本実施例は、上記のような濃度上昇を、図18に示すような基準濃度パターンを感光体上(または中間転写ベルト上)に作成し、これを光学センサにより複数回検出し、この検出結果に応じて、画像領域内で現像剤担持体の円周ピッチで画像形成条件を多段階に可変することで均一な画像を得るというものである。
【0077】
濃度上昇の検出方法は、図18のように作像方向(副走査方向)に現像スリーブの円周ピッチで光学センサの読み取り面積よりも大きい基準濃度パターンが存在しており、かつそのパターンを現像スリーブの円周ピッチで読み取ることができれば良い。基準濃度パターンの作成方法は、上記の条件を満たしていれば自由である(基準濃度パターン(1)でも(2)でもどちらでも良い)。また、基準パターンの作成と検知のタイミングは、本発明ではジョブエンドを想定しているが、ジョブ前、紙間、プロセスコントロール実行時等でも構わない。
【0078】
次に請求項11記載の発明に係る実施例を説明すると次の通りである。
本実施例では、リサイクルトナーを用いる場合を対象としている。
一般的にトナーには粒径分布が存在し、現像されやすいのは付着力の小さな大粒径トナーであるため、トナーリサイクルを行うほど現像ユニット内の小粒径トナーの割合が増加する。
【0079】
本実施例では、このような、付着力の大きな小粒径トナーがスリーブに付き易く濃度偏差が大きくなる場合を対象として、前述した画像形成条件制御を適用して付着量の調整を行えることで、トナーリサイクル機構付きの画像形成装置を対象とした場合に、濃度偏差を抑える効果が高くなり有効である。
【符号の説明】
【0080】
1000 画像形成装置
10 中間転写ベルト
21 書込装置
40 感光体
61 現像装置
62 帯電装置
【先行技術文献】
【特許文献】
【0081】
【特許文献1】特開平9−106175号公報
【特許文献2】特開2007−264336号公報
【特許文献3】特開2007−86448号公報
【特許文献4】特開2006−220749号公報
【技術分野】
【0001】
本発明は、画像形成装置に関し、さらに詳しくは、潜像担持体に形成されるトナー像の濃度偏差を解消する機構に関する。
【背景技術】
【0002】
周知のように、電子写真方式による画像形成装置においては、潜像担持体である感光体上に形成された静電潜像がトナーにより可視像処理され、トナー像が記録紙などの記録媒体に転写されたうえで定着されることにより複写出力を得るようになっている。
【0003】
画像形成装置においては、単一色だけでなく、フルカラーなどの複数色の画像を形成する構成を備えたものもあり、この場合には、複数の作像部において形成された、異なる色の画像をベルトなどの中間転写体に対して順次転写(1次転写)したうえで、重畳画像を記録シートなどの記録媒体に対して一括転写(2次転写)する方式を用いることがある。
【0004】
可視像処理に用いられる現像装置には、トナーとキャリアとしての磁性粒子とを含む二成分系現像剤を用いる構成あるいはキャリアを含まない一成分系現像剤のいずれかを使用することが知られている。
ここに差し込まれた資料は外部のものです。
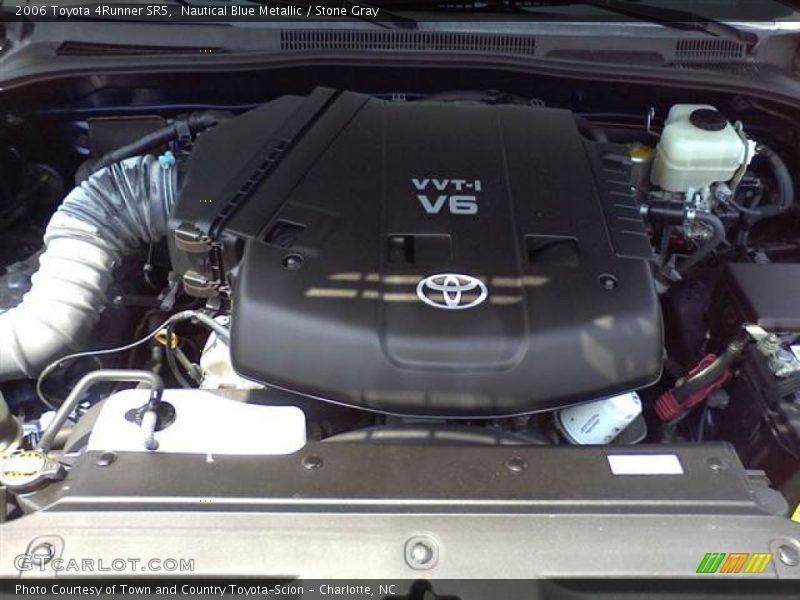 Nautical Blue Metallic / Stone Gray 2006 Toyota 4Runner SR5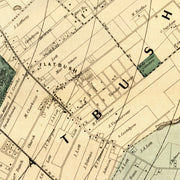 old Kings County map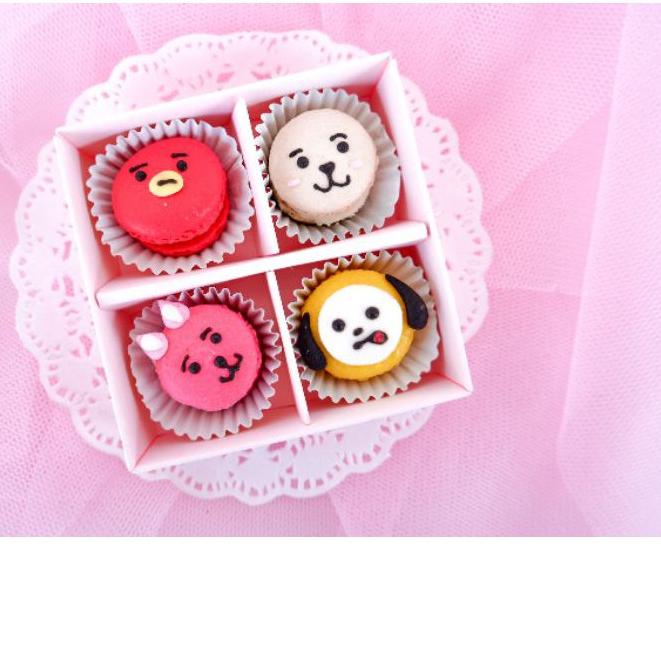 

GF6❆ Macaron Gift 4Pcs FRESHH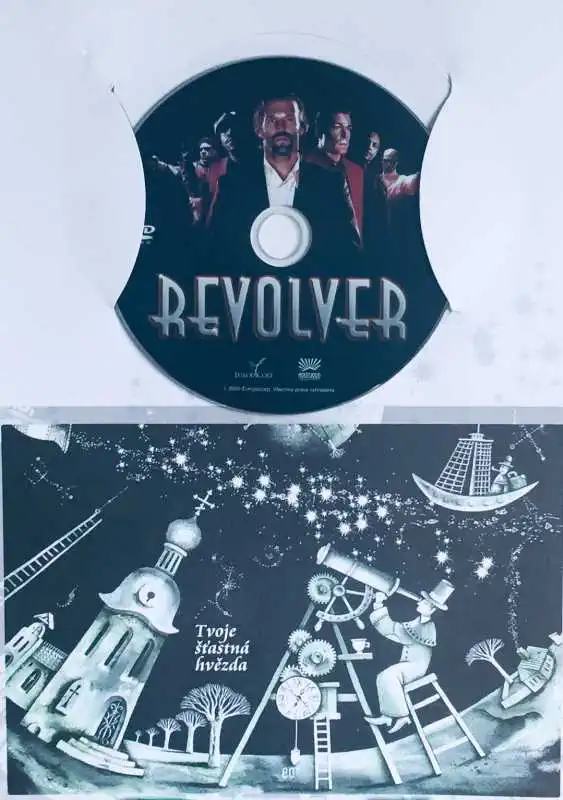 Revolver - DVD /dárkový obal/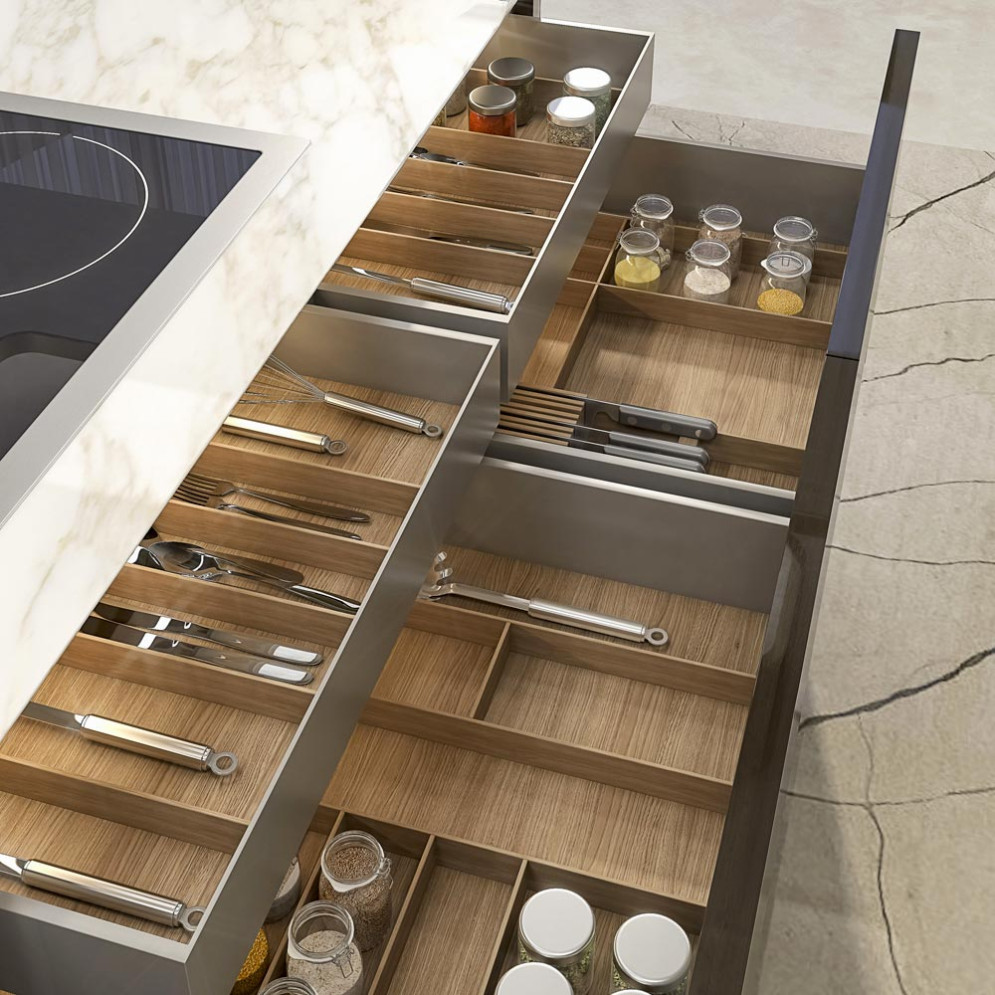 Кухня Busatto Trocadero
一成分系現像剤を用いる場合には、層厚規定ブレードを通過する際にトナーを帯電させるようになっているが、供給ローラから現像ローラへの一回の供給によって,現像ローラ上のトナーの付着量を飽和させることは困難であるため,大面積のベタ画像を連続印字した場合の画像濃度と,広い非画像部領域の直後にベタ画像の濃度が異なるという、所謂、現像履歴(ゴースト)が生じるという不具合がある。
【0005】
この場合の現像履歴(ゴースト)は、例えば、ハーフトーン画像内に文字などの残像が現れるようないわゆる、不要な残像、換言すれば、濃度の異なる像が現出することに相当している。この発生原因としては、現像ローラ上のトナーのうちで画像(現像部)に対面したトナーと非画像部(非現像部)に対面したトナーと現像ローラに担持されているトナーとにトリボと称される単位面積当たりの電荷量が異なることにあることが判明している(例えば、特許文献1)。つまり、非現像部に対面したトナーは現像のために静電潜像に向けて転移することがないので、静電潜像に向け転移した部分のトナーに比べて層厚規制ブレードとの摩擦回数が多くなり、この結果として、非現像部でのトナーのトリボが現像部のトナーよりも高くなり、濃度ムラの原因となる。
【0006】
そこで、一成分現像剤を用いる場合に、供給ローラから現像ローラへのトナーの供給速度を上げるために供給ローラの速度を上げることが考えられる。しかし、このような方法では、現像ローラと供給ローラとの接触部で熱が発生し、現像ローラへ規制ブレードへのトナー固着やトナーの劣化が促進されてしまうという新たな問題が生じる。
【0007】
また、トナーの供給量を上げるために供給ローラと現像スリーブとの当接圧を上げたり、低付着量で飽和させるために規制ブレードと現像ローラとの当接圧を上げても、同様に固着やトナー劣化が加速される問題があった。
【0008】
一方、供給量を増やすために供給ローラの数を増やす手段は現像器の容積(小型化)に対しデメリットであった。特に、近年の一成分現像器では,印字速度に対する要求から現像ローラの線速が益々上がっており、供給ローラから現像ローラへのトナーの供給を一回で飽和させるのは発熱の点でより厳しくなっていた。これらの問題があることが理由として、高画質が要求される印字装置に一成分現像方式を採用する例はほとんど採用されないのが現状である。
【0009】
これに対し、二成分系現像剤を用いる場合には、キャリアとトナーとの攪拌混合が十分に行えることで上述した一成分系現像剤において生じる不具合が少ないものの、上述した現像履歴に関する問題がある。
【0010】
特に、非現像部直後に現像部が現像位置に達した際には、図19に示すように、画像部先端の濃度が高くなる。この現象は、現像工程にて現像スリーブ1周前の現像履歴が現像スリーブ上に残り、2周目の現像時に1周目の現像履歴が残像として発生することが原因していると考えられる。
【0011】
濃度偏差を解決するための方法として、現像剤担持体に対向する電極板を設け、電極板に振動電界を与えて担持体上のトナーを再配置して残像を破壊した状態とすることで濃度偏差の低減を図る方法が提案されている(例えば、特許文献1)。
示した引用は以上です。